Da hat die deutsche Mannschaft aber anständig einen auf den Sack bekommen. Sowas passiert halt, wenn man Spieler wie Boateng, Schweini und Poldi in die Startelf steckt. Zu keinem Zeitpunkt der ganzen Euro war Deutschland für mich ein Favorit auf den Titel. 

Apropos Deutschland: hier wäre wohl die Bezeichnung Bundesrepublik Bayern angebrachter.


----------



## Max100 (29 Juni 2012)

Mit Glück und Geschick haben die Italiener die erste Druckphase von uns überstanden und uns dann ihr Spiel aufgezwungen.
Wir waren dann nicht in der Lage zu agieren, sondern haben nur reagiert und das ziemlich schlecht!
Den beiden Toren gingen katastrophale Abwehrfehler voraus, da brauch man sich dann nicht beschweren, wenn man mit 2 Toren hinten liegt.
Schon nach dem ersten Tor hätte die Mannschaft umgestellt werden müssen!

Aber irgendwie liegt ein Fluch auf dieser Begegnung, ich werden mir das nächst Mal eine Woodoo-Puppe besorgen...


----------



## DR_FIKA (29 Juni 2012)

Chamser81 schrieb:


> Nobody is perfect.



are you sure?


----------



## Chamser81 (29 Juni 2012)

Punisher schrieb:


> Zu keinem Zeitpunkt der ganzen Euro war Deutschland für mich ein Favorit auf den Titel.



Jetzt kommen sie wieder alle aus ihren Löchern! 

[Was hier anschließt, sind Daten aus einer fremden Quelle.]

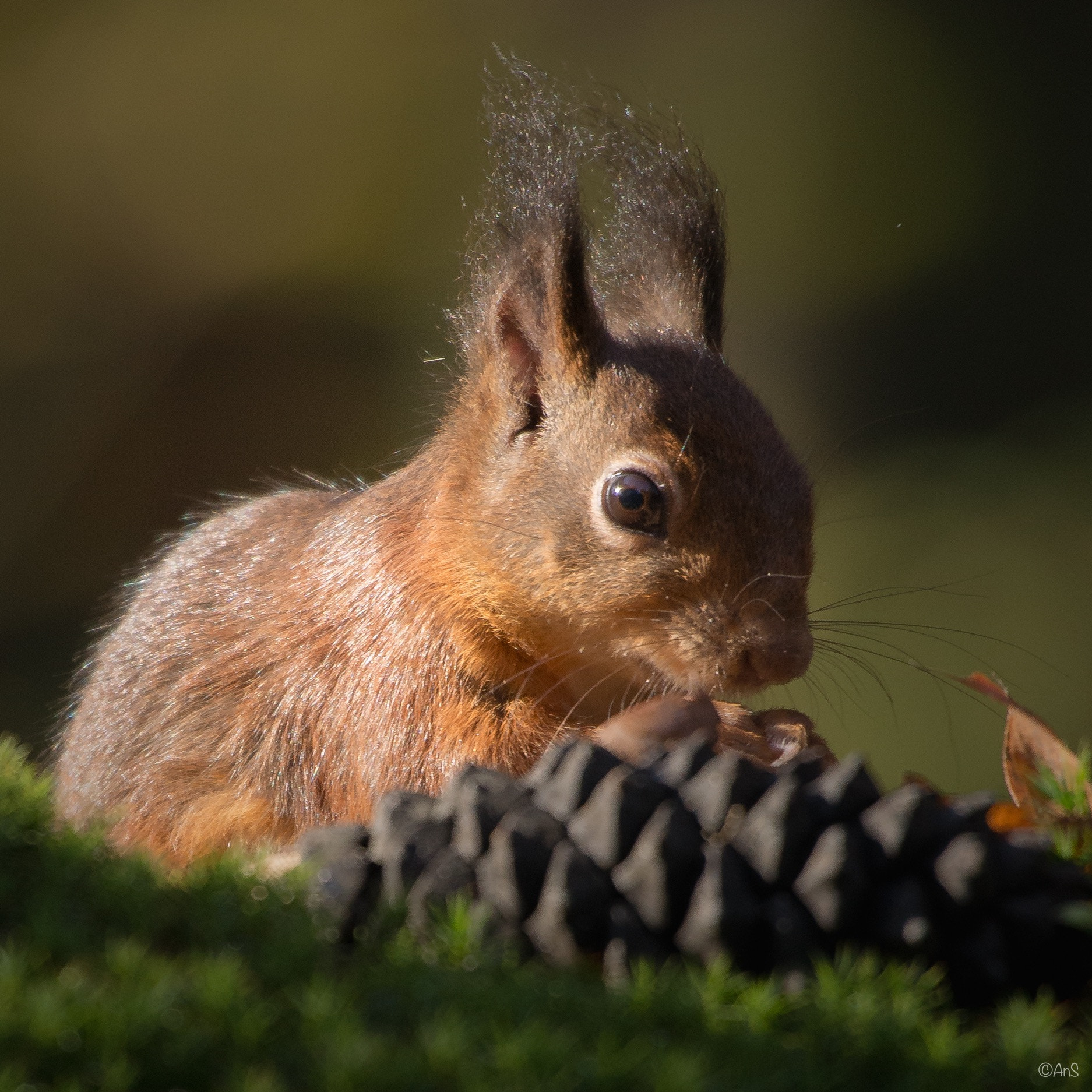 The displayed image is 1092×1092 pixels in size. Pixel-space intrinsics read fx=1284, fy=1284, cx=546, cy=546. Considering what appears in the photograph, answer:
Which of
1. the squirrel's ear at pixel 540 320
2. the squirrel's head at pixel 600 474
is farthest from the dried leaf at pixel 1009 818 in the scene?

Aber stimmt schon das die ersten 4 Siege überbewertet wurden, vor allem das Viertelfinale gegen wirklich schwache Griechen.

Ich glaube der Thomas Helmer war es der in einem Interview vor der EM gesagt hat, das die heutige deutsche Mannschaft zwar vom spielerischen Standpunkt her viel besser ist als die Mannschaft von 1996 aber die Mannschaft damals hatte absolut Biss, Siegeswillen und Kampfbereitschaft! 
Und diese Tugenden fehlen heute einfach und deswegen gewinnen wir (kann man auch auf Vereinsebene übertragen) schon seit langer Zeit die entscheidenden Spiele nicht mehr! 


@ DR_FIKA

Congratulations!


----------



## Punisher (29 Juni 2012)

Das Ausscheiden Deutschlands hat mir bei ner Wette einen Fuffi eingebracht


----------



## TobiasB (29 Juni 2012)

und mir 3 Punkte bei Jappy


----------



## DR_FIKA (29 Juni 2012)

Chamser81 schrieb:


> Jetzt kommen sie wieder alle aus ihren Löchern!
> 
> Aber stimmt schon das die ersten 4 Siege überbewertet wurden, vor allem das Viertelfinale gegen wirklich schwache Griechen.
> 
> ...



thanks :thumbup:
a big win against a great team, I could not ask for more


----------